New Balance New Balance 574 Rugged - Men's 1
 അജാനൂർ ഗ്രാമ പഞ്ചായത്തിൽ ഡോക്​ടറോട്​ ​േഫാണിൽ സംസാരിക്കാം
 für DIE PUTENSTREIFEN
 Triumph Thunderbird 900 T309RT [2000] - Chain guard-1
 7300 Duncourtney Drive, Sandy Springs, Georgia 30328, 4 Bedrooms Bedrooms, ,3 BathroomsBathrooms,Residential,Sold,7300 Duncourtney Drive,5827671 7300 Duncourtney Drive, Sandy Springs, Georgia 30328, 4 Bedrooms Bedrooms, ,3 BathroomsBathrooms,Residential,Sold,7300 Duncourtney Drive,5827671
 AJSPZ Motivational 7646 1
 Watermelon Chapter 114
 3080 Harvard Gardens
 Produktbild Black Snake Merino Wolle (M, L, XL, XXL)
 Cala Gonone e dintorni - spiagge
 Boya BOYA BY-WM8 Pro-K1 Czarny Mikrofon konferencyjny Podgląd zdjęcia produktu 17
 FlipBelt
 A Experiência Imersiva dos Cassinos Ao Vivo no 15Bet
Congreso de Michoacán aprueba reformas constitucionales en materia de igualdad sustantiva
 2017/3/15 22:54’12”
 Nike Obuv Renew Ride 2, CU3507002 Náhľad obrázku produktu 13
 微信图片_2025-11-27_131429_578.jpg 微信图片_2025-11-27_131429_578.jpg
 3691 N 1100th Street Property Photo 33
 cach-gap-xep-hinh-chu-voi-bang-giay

________

Give back exactly the lines from the one containing "Duncourtney Drive,5827671 7300" through the end of the material above, and nothing else.

 7300 Duncourtney Drive, Sandy Springs, Georgia 30328, 4 Bedrooms Bedrooms, ,3 BathroomsBathrooms,Residential,Sold,7300 Duncourtney Drive,5827671 7300 Duncourtney Drive, Sandy Springs, Georgia 30328, 4 Bedrooms Bedrooms, ,3 BathroomsBathrooms,Residential,Sold,7300 Duncourtney Drive,5827671
 AJSPZ Motivational 7646 1
 Watermelon Chapter 114
 3080 Harvard Gardens
 Produktbild Black Snake Merino Wolle (M, L, XL, XXL)
 Cala Gonone e dintorni - spiagge
 Boya BOYA BY-WM8 Pro-K1 Czarny Mikrofon konferencyjny Podgląd zdjęcia produktu 17
 FlipBelt
 A Experiência Imersiva dos Cassinos Ao Vivo no 15Bet
Congreso de Michoacán aprueba reformas constitucionales en materia de igualdad sustantiva
 2017/3/15 22:54’12”
 Nike Obuv Renew Ride 2, CU3507002 Náhľad obrázku produktu 13
 微信图片_2025-11-27_131429_578.jpg 微信图片_2025-11-27_131429_578.jpg
 3691 N 1100th Street Property Photo 33
 cach-gap-xep-hinh-chu-voi-bang-giay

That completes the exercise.